John Blackwood begins by discussing Burns, the “heaven-taught ploughman” and talking about how each of our lives has its own story. Each story has events that we share and events that we keep to ourselves, our secrets. And these secrets become the backdrop for Blackwood’s performance which includes card tricks and some sleight of hand. Barlow talks a little bit about the life of Scott but themes his performance on how a world-class dealer “deals” his cards. His technique is very good, and elicited quite a few gasps from the audience. Finally, Neto (a.k.a Albert) slips effortlessly into his Mr. Hyde-esque “mad scientist” persona to play around with experiments of electricity, followed by some card tricks with a very eclectic deck.

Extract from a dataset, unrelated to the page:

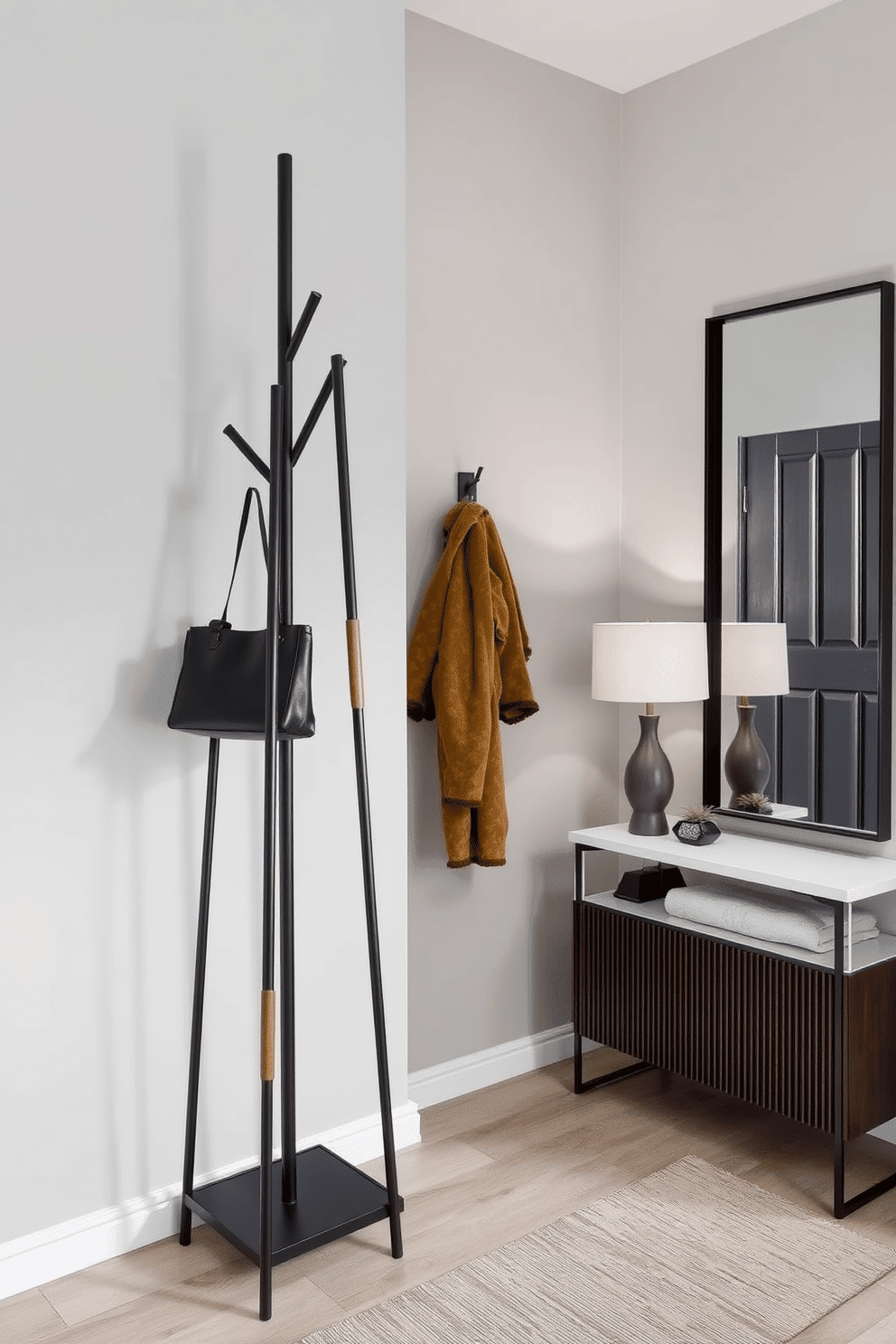 A chic coat stand for an entryway features a sleek, modern design made of matte black metal with elegant wooden accents. It stands against a light gray wall, providing a stylish yet functional space for hanging coats and bags. Narrow foyer design ideas incorporate a minimalist console table with a unique geometric shape, topped with decorative items like a small plant and a stylish lamp. The walls are adorned with a large mirror to enhance light and create the illusion of space, while a runner rug adds warmth and texture underfoot.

Each magician performs in the corresponding author’s room, surrounded by their memorabilia. Rooms are very cosy and standing-room only. Each room also has classical music playing in the background, which definitely lends itself well to the air of mystery and intrigue. A couple of things to note, however. Even though the programme advertises 75 mins, the opening night only lasted for about 60 minutes, including introduction. Also, not all of the narratives were aligned closely to the authors. At some points, the narrative was forced and not tied to the performance itself.
Even so, this is a great way to spend an evening and it will be enjoyed by an audience of all ages. As always with magic shows, audience participation is vital. So be prepared to turn into the magician’s apprentice in turns and immerse yourself in an evening of wonder at a gorgeous venue.